In constructor you are setting this._fahrenheit variable, but later that variable is not used anywhere.

1 Like

Hi Sanity,

Yes, I spotted that one and reset the code to this.fahrenheit = fahrenheit, then re-ran the tests, all happy and looking forward…Same result, no joy.

Thanks for your suggestion, I appreciate your time

PeterL

Can you please post the updated code.

Hi Jeremy,

Sorry I’m late with the reply (I’m a taxi-driver. Although the demand has collapsed, there are still times when I get a few jobs consecutively, and therefore can be away for a while)

The code as it stands now is

// Only change code below this line
class Thermostat {
  constructor(fahrenheit) {
    this.fahrenheit = fahrenheit;
  }

  //getter
  get temperature() {
    return (5/9) * (this.fahrenheit) - 32;
  }

  //setter
  set temperature(celsius) {
    this.fahrenheit = (celsius * 9)/5 + 32;
  }
}
// Only change code above this line
const thermos = new Thermostat(76); // Setting in Fahrenheit scale 

Many thanks,

PeterL

Hmm, I am able to instantiate the class, so I am not sure why the test suite believes that you cannot.

As a note not related to your issue, it is typical to preface internal class variables with an underscore like _fahrenheit.

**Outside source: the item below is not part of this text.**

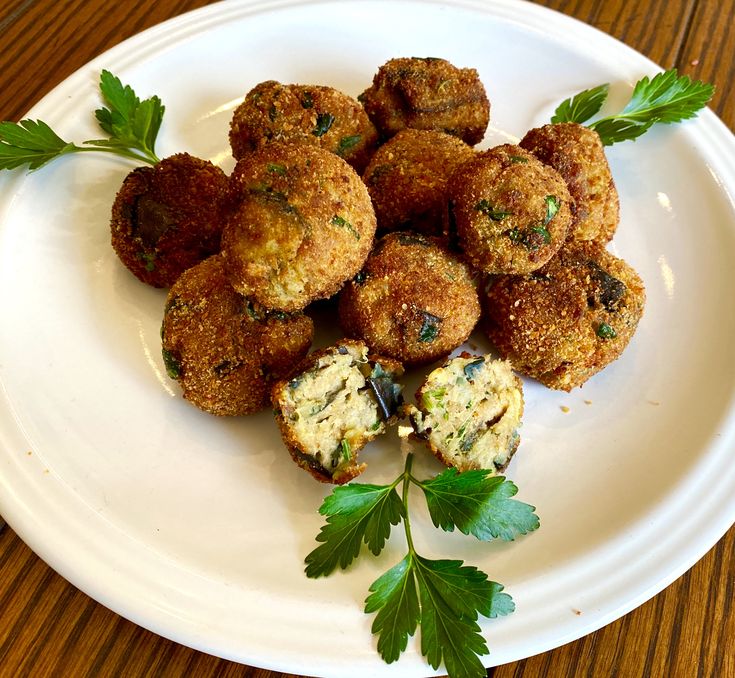 a white plate topped with meatballs and parsley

Right now it might be more just an indicator that your class is returning wrong result, rather than instantiation issues. Take a look at it, add console.log(thermos.temperature) at the bottom of your code, for Thermostat(76) result should be 24.44.

Thanks guys,

I’m wrapping it up for this evening. Will resume hostilities tomorrow afternoon, and give your suggestions a try.

Many thanks,

PeterL

1 Like

Hi Sanity,

I tried your suggestion, putting the suggested code in at the bottom of my section of code. No joy, I’m afraid. It just brought out a slew of additional error-messages.

Well and truly flummoxed! I’m getting on with the rest of the course, and will return to this from time to time to see if, as I progress with JS, I spot something new.

Many thanks, PeterL

It wasn’t supposed to fix the problem, but to show you what is wrong…

Aah! Maybe I’m being slow. I’ll get back to it later on…

Hi PeterL,

Seems to be a simple bracket notation error.

Take another look at your getter function.

I amended the return statement by moving a closing bracket and your code ran perfectly:

return (5/9) * (this.fahrenheit - 32);

The Free Code Camp environment forces you to place a bracket here, having it at the end gives you the correct calculation.

Hope this helps.

Hi Laurels,

Man, you’re officially my New Hero Of The Day! You’re right, it worked perfectly.

(I’m going to drag myself outside and give myself a good kicking for being so relentlessly dozy/blind-as-a-bat!)

I was a bit overwhelmed by the ES6 section, found it much harder going than previous lessons in FCC. Having several years’ experience as a teacher, I thought that, in this section, too many new concepts were rushed in within too short a time.

I was reduced at times to using FCC’s suggested solutions not as a check against which to measure my own work, but as a guide to help me understand what I had (supposedly) already learned. I’ll be revisiting the whole section later, when I’ve got a little more overall fluency with the concepts and logic of JS.

Nil desperandum. One of these days I’ll be a coder.